Don't know for sure, but this picture is sapose to be from the Hope North Dakota area. Anyone know for sure?


----------



## Dawgs13

I got this email a few days ago saying it was from Georgia. I think its a fake. I may be wrong.


----------



## dleier

let me just say that one has been around for a little while. Most credible information I saw was that it came from Texas:

http://www.outdooroddities.com/2009/03/ ... tail-deer/


----------



## specialpatrolgroup

Looks fake, why are there no shadows from the flash?


----------



## barebackjack

That cant be from ND......nobody baits with a feeder! Now if it was ten semi-loads of grain in the background like everybody talks about, than it may be ND.


----------



## hunt4P&amp;Y

twopopper said:


> Don't know for sure, but this picture is sapose to be from the Hope North Dakota area. Anyone know for sure?

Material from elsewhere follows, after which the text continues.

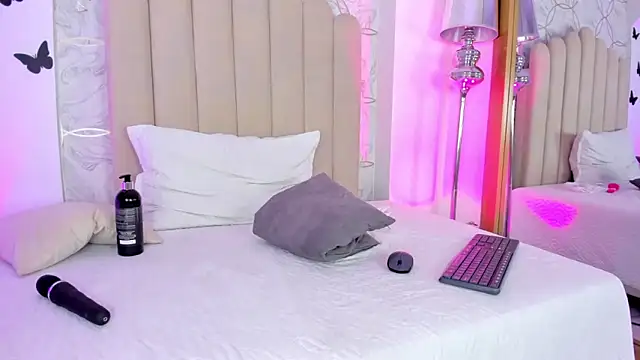 PollyGrey  online show from 1, 2, 2025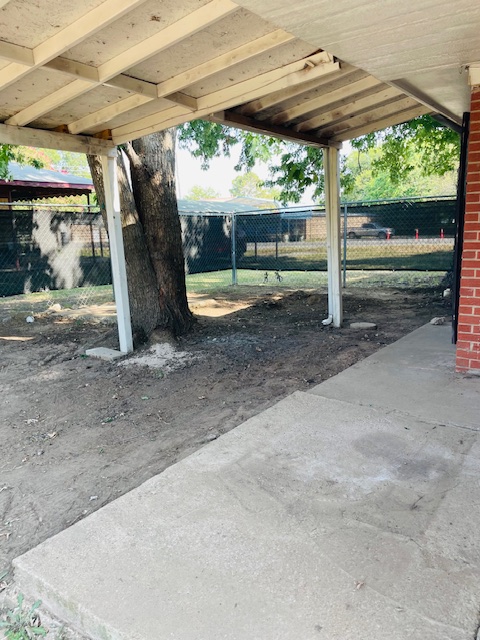 102 N Collins Street Colbert OK 74733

No but there may or may not have been a mt. Lion spotted by hope last night! 8)


----------



## verg

check out keloland.com
A Sd news station did a check on it cuz it has been said it was from SD.
Comes from Texas.


----------



## Trapper99

i would say photo shopped. No shadows. no blood. No drag marks.No nothing. and what does it have a hold on? few hairs? can'te really see that its biting the deer cause the skin or jaw is not twister like if it were being pulled by.


----------



## twopopper

Found out that it started as a hoax in Hope ND and got blown way out of praportion!


----------



## specialpatrolgroup

I just noticed, look at the front forward leg, it has almost no taper to it.


----------



## Chuck Smith

here is a simple one.....Look at the soil.... very sandy and dry. Looks like tx, az, ok, type ground. Not upper Midwestern ground.

But I got this as a cell phone pic saying it was from slayton MN. So this cat has made its rounds. :beer:


----------



## wmmichael20

I'm with trapper in this one photo shop all the way we got the photo a few years ago and they said it was from the u.p in michigan and as we all know mt.lions are trophy hunters we all know better than that they take the weak or small wouldnt piss with a buck like that one on one to big a chance it would get itself injured


----------



## ndoutdoorsman

I got the same text message of that picture from my brother in Idaho. So not really sure where it was taken from


----------



## papapete

http://www.outdooroddities.com/2009/03/ ... tail-deer/

This has been going around for quit awhile. This site has a much better pic also.


----------



## papapete

http://images.google.com/imgres?imgurl= ... N%26um%3D1

this has pic for other cases.


----------



## Robert Reezon

twopopper said:


> Don't know for sure, but this picture is sapose to be from the Hope North Dakota area. Anyone know for sure?


Confirmed, the photo is not fake, but a really amazing trail camera photo taken on a ranch in South Texas. There were multiple photos showing deer running away from the feeder just before the lion pounced. NC Game Commission also confirmed this to be fact as the photo was circulating here in NC as a trail camera photo near Old Fort, NC, just east of Asheville. We do use feeders here in NC, legally.


----------



## Robert Reezon

The ranch owner in Texas even said he found the whitetail's head and remains about six weeks after thephotos were taken. A truly remarkable occurrence, especially since it was caught on film. A special thanks to Chet Markgraf for his story and these photos! The story is on Buckmanager web site


----------